The next interpretation involves “rolled skills” to determine the outcome of social interactions. It is difficult to boil down all the many, many options for skills in games but let’s just go simple and talk about something like the Pathfinder (3.5 D&D) Diplomacy skill. Now, when facing down the NPC Noble, instead of an initial reaction roll, the reaction roll is set by the player rolling a D20 and modifying it by character skill to set the NPC’s initial mood. (As an aside, I’ve always wanted a group modifier to this roll because it seems so unlikely that a group would be judged by just one member.) The NPC Noble is not resisting in the Diplomacy example – but opposed social skills create the same issue, which is, it is easy for the results of this skill roll to become a sticking point between the players and the GM because the biggest question that starts to linger is – how beholden is the GM to respond to the result of this roll and how much effort must a player be willing to exert as part of the interaction? That is, should a player be required to actually play out the effort or is a roll and a simple description (or just a roll) enough?
There are other scenarios I could elaborate but these tend to hit the most common points. I don’t really want to indulge in specific answers at this point as to what I think is right or wrong with any of these scenarios but the two things which always stand out to me are the sliding scales of effort and interpretation (specifically GM interpretation). That is, how much “work” is required of the player and how much GM adjudication goes into the final outcome of the social encounter.
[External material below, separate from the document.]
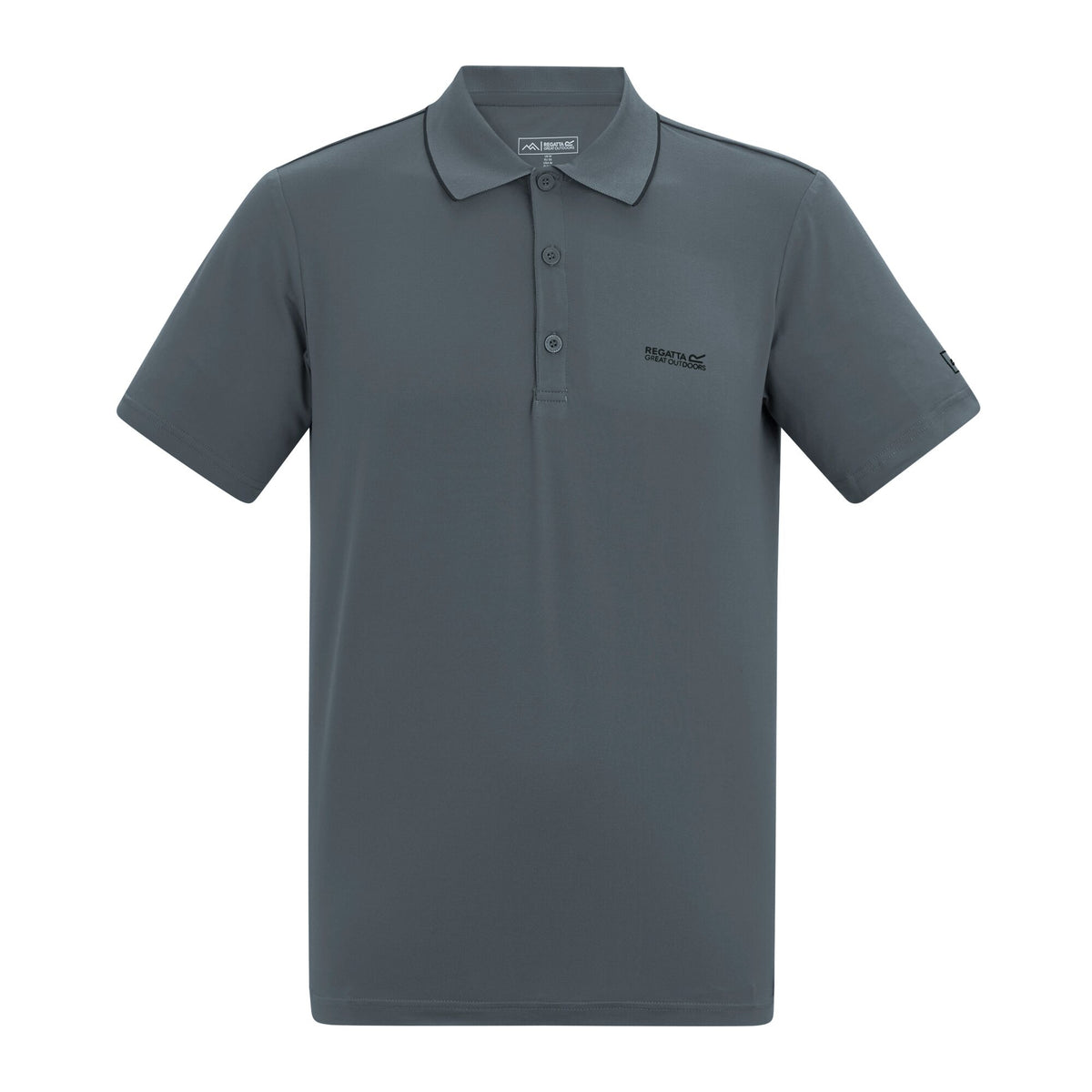 Dark Storm - Front - Regatta Mens Maverik Stretch Polo Shirt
I think I’ll leave it there today and give others a chance to chime in with comments. Over the next couple posts I want to explore a few more aspects of this – how social skills create awkward situations when considered in character vs. character contexts and how social skills create a safety net for players such that a quiet, reserved player can still take on the role of the party “face” and how this interacts with other parts of the system – like how players can explore playing “very smart” or “very strong” PCs based on stats but because of the social vs. game dimension of the rpg experience, social skills are always the roughest sticking points of systems and interactions at the table.
As always, thanks for reading and please keep in mind when commenting that I am fully aware that the scenarios above are both without context and without moderation… something I intend to address at the end of this rumination.